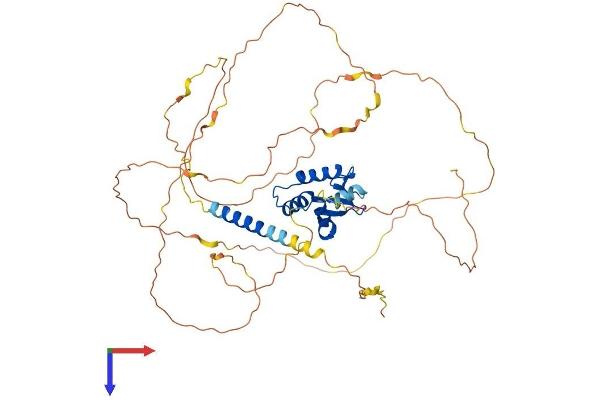 ETV5 Protein (AA 1-510) (His tag)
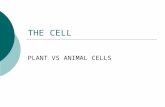 THE CELL PLANT VS ANIMAL CELLS. CELL THEORY  All Living Organisms are composed of one or more cells  Cells are the basic units of structure and function.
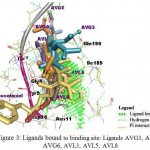 Figure 3: Ligands bound to binding site: Ligands AVG3, AVG4, AVG6, AVL3, AVL5, AVL8 and Docetaxel bound to the Bcl-2 protein within the same binding site are represented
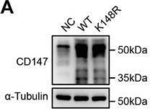 Mouse IgG (H+L) Secondary Antibody in Western Blot (WB)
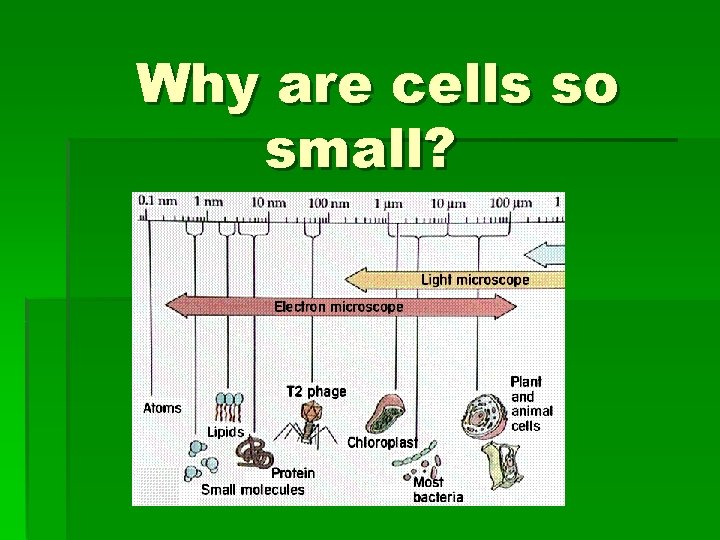 Why are cells so small?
########
* **REQUIREMENT**: All of the material above should be reproduced exactly, except the pictures.

* **RESULT OF THE EXERCISE**:
 ETV5 Protein (AA 1-510) (His tag)
 THE CELL PLANT VS ANIMAL CELLS. CELL THEORY  All Living Organisms are composed of one or more cells  Cells are the basic units of structure and function.
 Figure 3: Ligands bound to binding site: Ligands AVG3, AVG4, AVG6, AVL3, AVL5, AVL8 and Docetaxel bound to the Bcl-2 protein within the same binding site are represented
 Mouse IgG (H+L) Secondary Antibody in Western Blot (WB)
 Why are cells so small?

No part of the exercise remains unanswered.